### Assigned task
Could the data below please be reproduced word for word, without the pictures?

### Data extract

▶

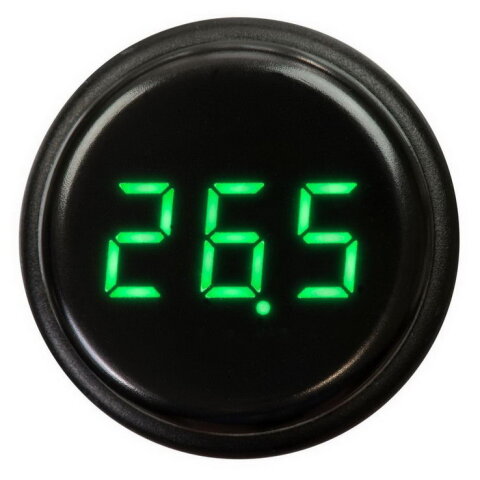 Čítač provozních hodin-dnů QMD-05D- R 24VDC H d30mm ELECO 31113022
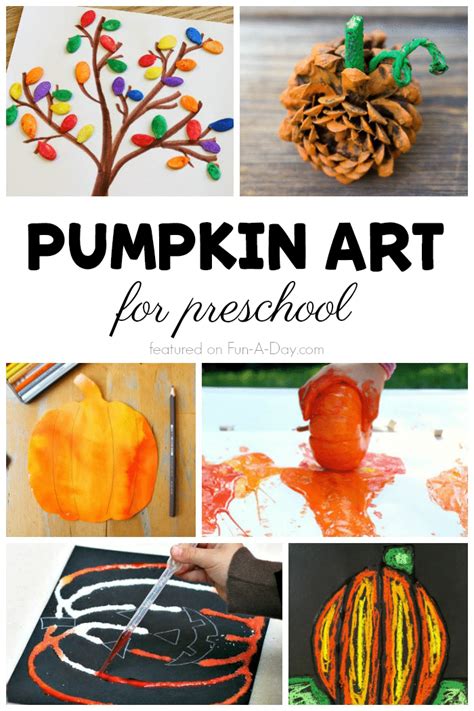 40 Awesome Pumpkin Crafts For Preschoolers And Toddlers Fun A Day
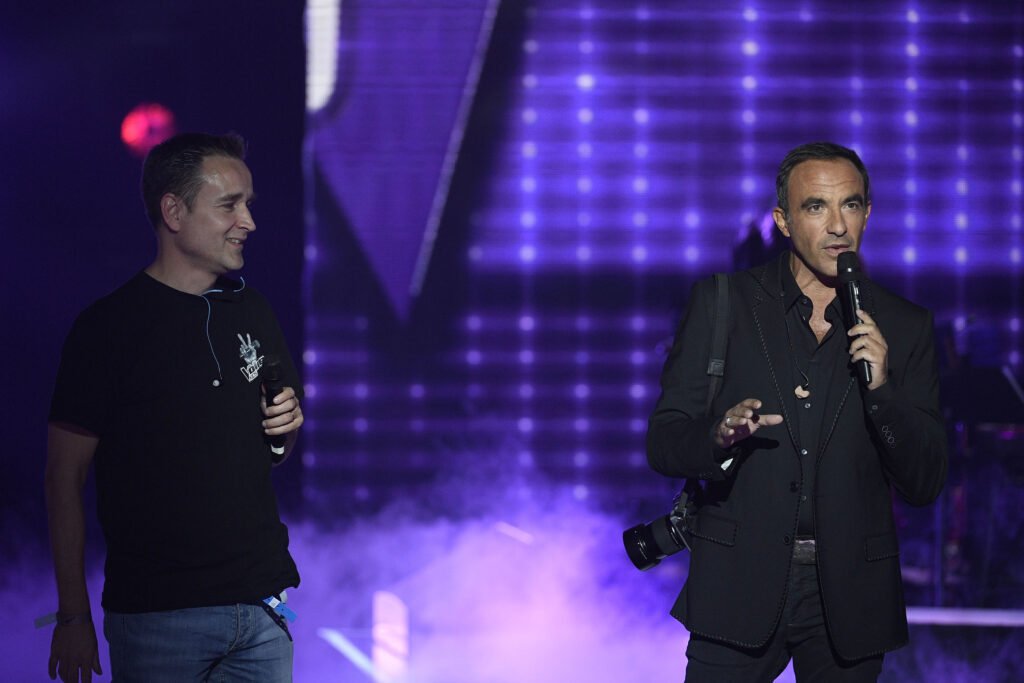 Chauffeur de Salle The Voice avec Nikos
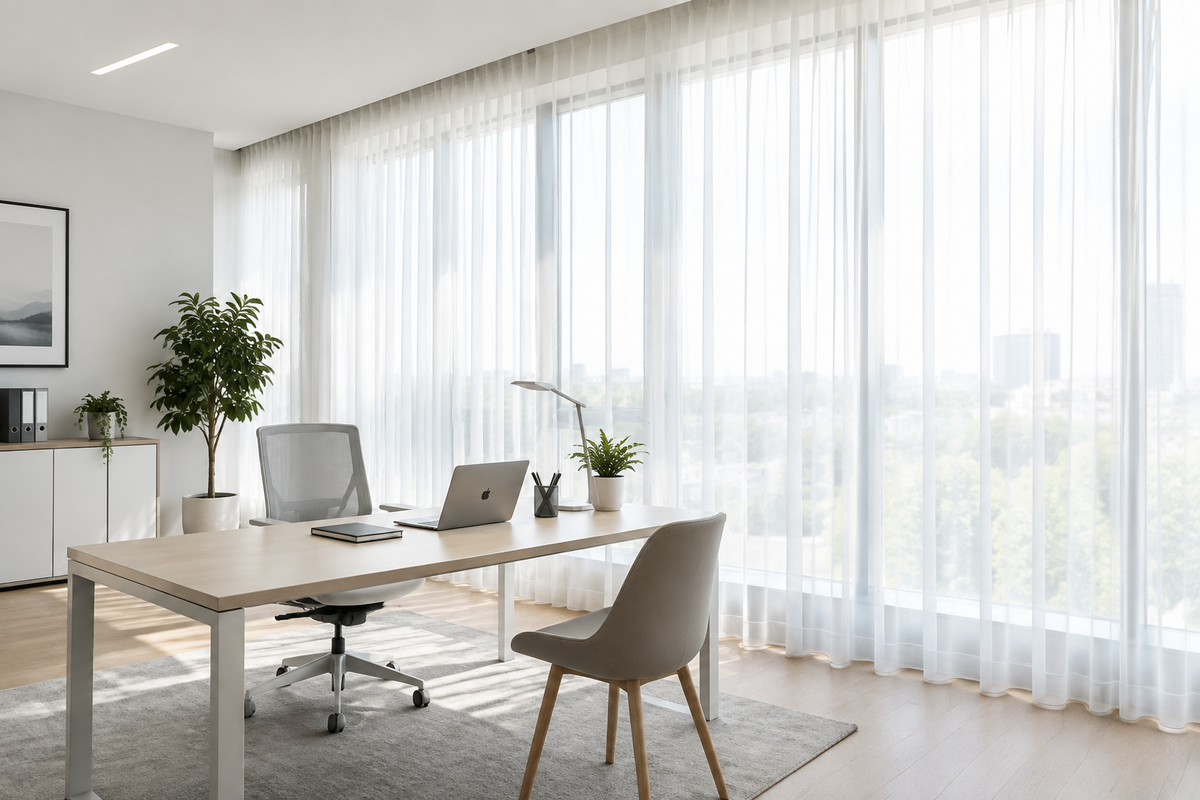 MARAPON Gardinen für Erkerfenster: Funktionale Lösungen für besondere Fensterformen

◀

### Solution
 Čítač provozních hodin-dnů QMD-05D- R 24VDC H d30mm ELECO 31113022
 40 Awesome Pumpkin Crafts For Preschoolers And Toddlers Fun A Day
 Chauffeur de Salle The Voice avec Nikos
 MARAPON Gardinen für Erkerfenster: Funktionale Lösungen für besondere Fensterformen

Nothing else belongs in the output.